I have written so often of Alan Morton, that the world had never seen his equal and never shall, that I find myself in danger of repeating myself whenever he comes into the subject. No superlative, however, ever overstated his worth to the game. He was to all English defenders what Sir Stanley Matthews was to us - an unstoppable, jewel-encrusted winger with a fantastic sense of balance and the brain of a football professor. Unchallenged as Scotland's outside left so long as he was fit, his imposing honours list would have been greater had he been able to accept them all.
His list -
Caps: England 11, Wales 10, Ireland 9, France 1.
League honours: English League 11, Irish League 2.
Medals -
League championships 9, Scottish Cup 3, Glasgow Cup 7, Charity Cup 8.

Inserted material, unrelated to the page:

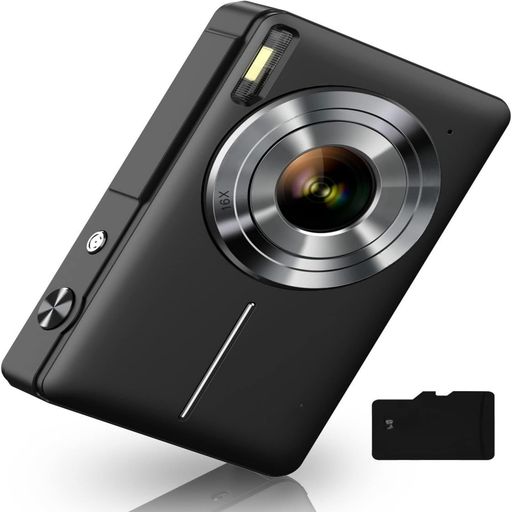 Nowifi無線電話ディジカメ【4K映像映画化、5000万絵素】デジタル写真機32GBMicroSD歌留多付き添い人AFオートフォーカスコンパクトカメラ2.7inの大画面16倍望遠レンズ閃光電球手振れ手を加える役立つことを備えています…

The club paid their gracious tribute to Alan Morton by electing him to the Board of Directors in season 1932/33. he began the season as a player, but after 6 league games and a Glasgow Cup tie, he pulled the honoured jersey over his head for the last time. Co-opted to the Board, his election was confirmed with sweeping satisfaction throughout the football world, as fitting recognition of this soccer immortal. "The Little Blue Devil", as Ivan Sharpe, the noted English writer dubbed him after he had bamboozled and jinked his way around the stricken English defenders in an International, brought freshness and infinite wisdom to the Board. His ability to read a game off the field as clearly as on it, enabled flaws to be detected and repaired, while in one glance, he could analyse a new player with his X-ray eyes and predict how he would comport himself in the future. he rarely made a mistake.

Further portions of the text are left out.